» **ASSIGNED TASK**
Would you set down the data that follows, word for word, without any pictures?

Start of DATASET CONTENT

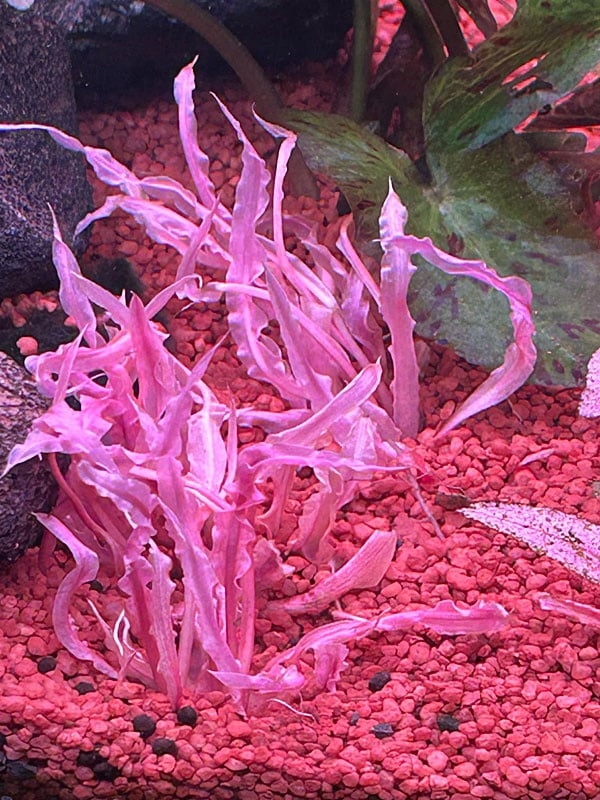 CRYPTOCORYNE Balansae PINK z IN vitro kubek - RARYTAS
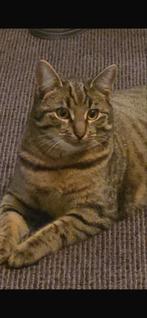 Lieve kater te koop., Dieren en Toebehoren, Katten en Kittens | Overige Katten, Kater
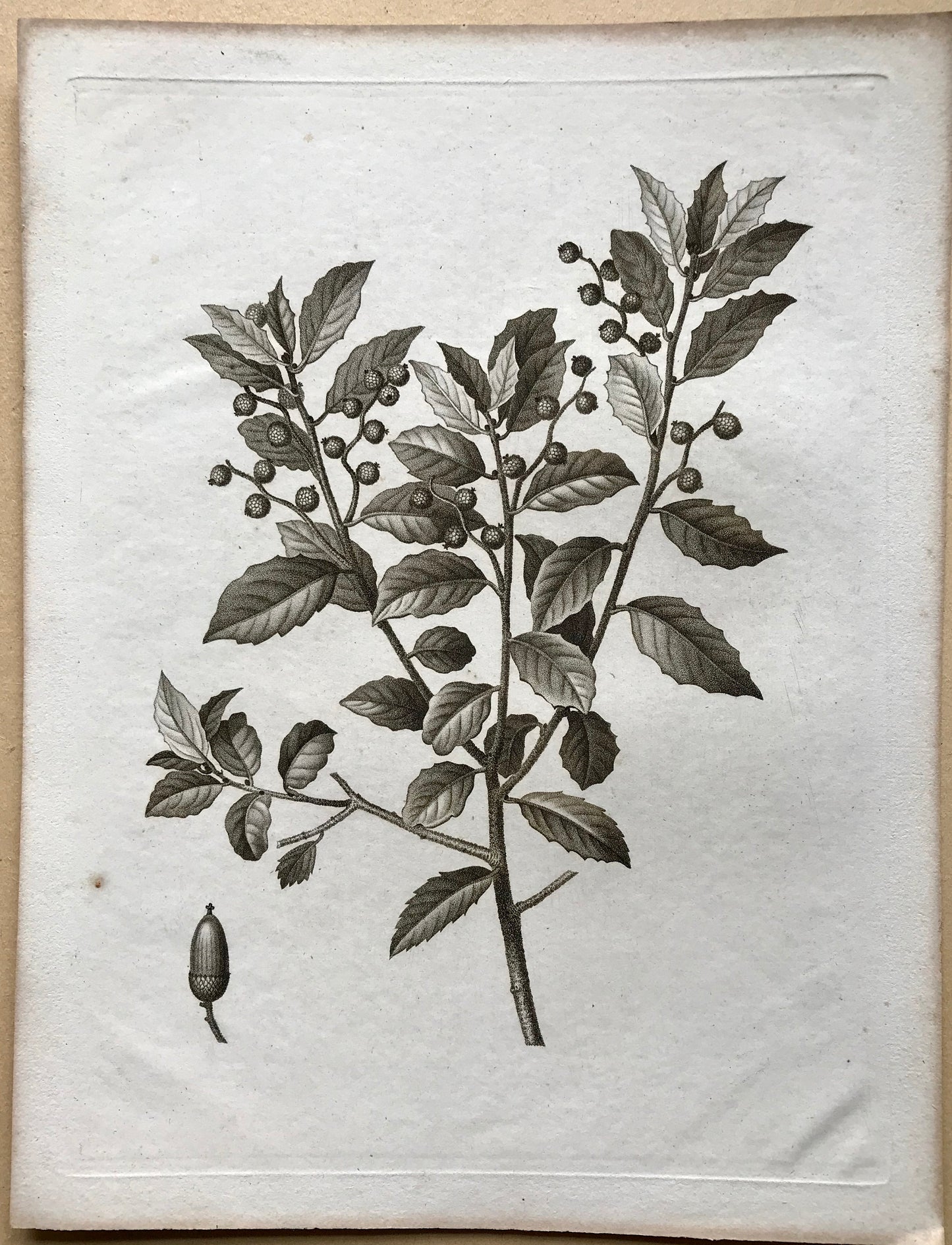 An Original 18th Century Engraving of an Oak Twig. French. By Debeuil. 13 1/4 x 10 inches.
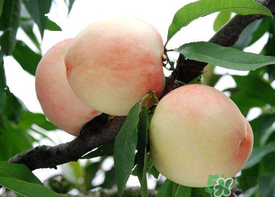 水蜜桃可以放冰箱嗎？水蜜桃放冰箱能放多久？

End of DATASET CONTENT

» **ANSWER TO THE PROBLEM**
 CRYPTOCORYNE Balansae PINK z IN vitro kubek - RARYTAS
 Lieve kater te koop., Dieren en Toebehoren, Katten en Kittens | Overige Katten, Kater
 An Original 18th Century Engraving of an Oak Twig. French. By Debeuil. 13 1/4 x 10 inches.
 水蜜桃可以放冰箱嗎？水蜜桃放冰箱能放多久？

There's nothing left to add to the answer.